══ Records to process

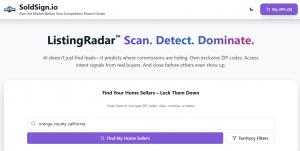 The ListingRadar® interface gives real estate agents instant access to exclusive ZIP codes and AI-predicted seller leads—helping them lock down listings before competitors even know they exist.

════
══ Records to process

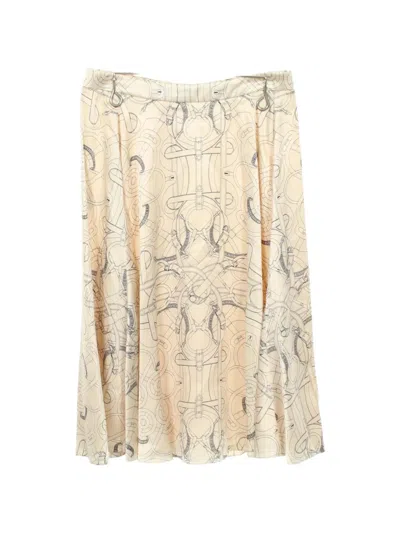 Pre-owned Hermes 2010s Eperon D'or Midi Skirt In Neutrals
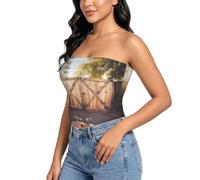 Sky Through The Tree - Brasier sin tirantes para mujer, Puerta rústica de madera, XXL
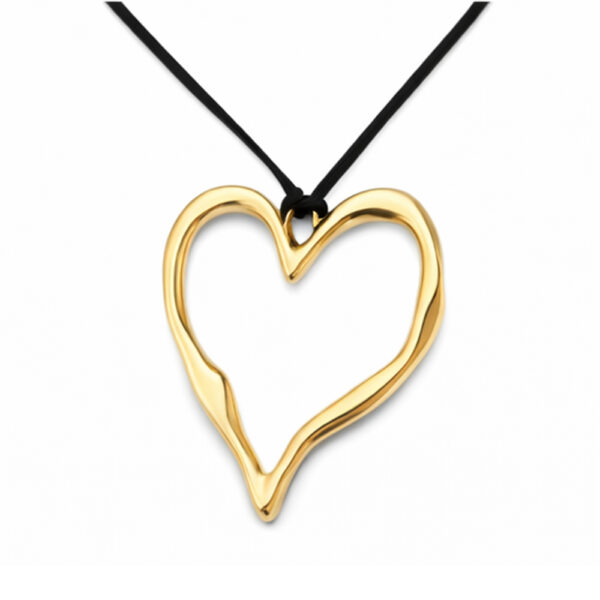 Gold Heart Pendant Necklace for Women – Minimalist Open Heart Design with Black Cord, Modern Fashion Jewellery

════

= What you will do =
In the material above, which lines fall between the one holding "Pre-owned Hermes 2010s" and the one holding "Gold Heart Pendant", inclusive? Print exactly those, with the pictures left out.

= Response =
 Pre-owned Hermes 2010s Eperon D'or Midi Skirt In Neutrals
 Sky Through The Tree - Brasier sin tirantes para mujer, Puerta rústica de madera, XXL
 Gold Heart Pendant Necklace for Women – Minimalist Open Heart Design with Black Cord, Modern Fashion Jewellery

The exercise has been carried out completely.